Avoiding the perception of classroom indoctrination does not require silencing any particular viewpoint or “divisive” idea. Several states have addressed this concern recently without censoring teachers and students. In Idaho, a recent law was also triggered by concern over the controversial ideas that Texas seeks to ban. Instead of banning all mention of those ideas, the law simply states that schools cannot “compel students to personally affirm, adopt, or adhere to” any of them. In singling out specific ideas as unacceptable, the Idaho law might end up being problematic in practice, but the Idaho legislature at least tried to appear evenhanded. In contrast, Texas and many other states are explicitly trying to silence speech with which they politically disagree. Our students deserve better. 

Co-signed by

National Coalition Against Censorship

The Authors Guild

Comic Book Legal Defense Fund

Defending Rights & Dissent

International Literacy Association

National Council for the Social Studies

National Council of Teachers of English

National Youth Rights Association

People For the American Way

Project Censored

Student Press Law Center

Woodhull Freedom Foundation



[1] Board of Education, Island Trees Union Free School District No. 26 v. Pico, 457 U.S. 853 (1982)

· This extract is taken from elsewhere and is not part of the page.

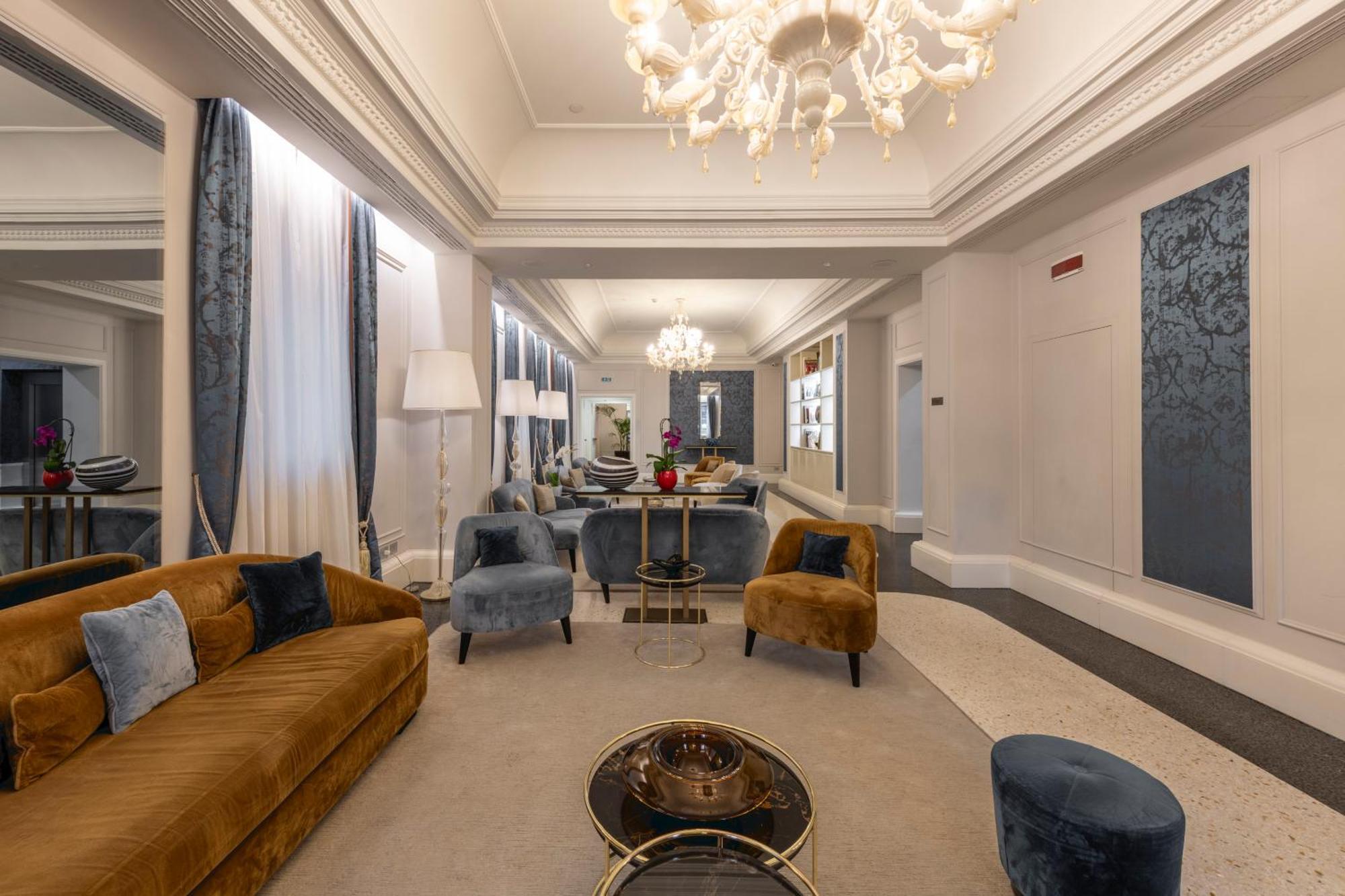 Hotel H10 Palazzo Canova 4*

[2] Several of the bills are ambiguous in other ways. For example, New Hampshire’s HB2 states that teachers are free to discuss “the historical existence of” the listed “divisive concepts.” The bill does not say how far back in history is sufficiently “historical” — What of the “Jews will not replace us” chants of the Unite the Right marchers in Charlottesville in 2017? Is four years ago “historical”?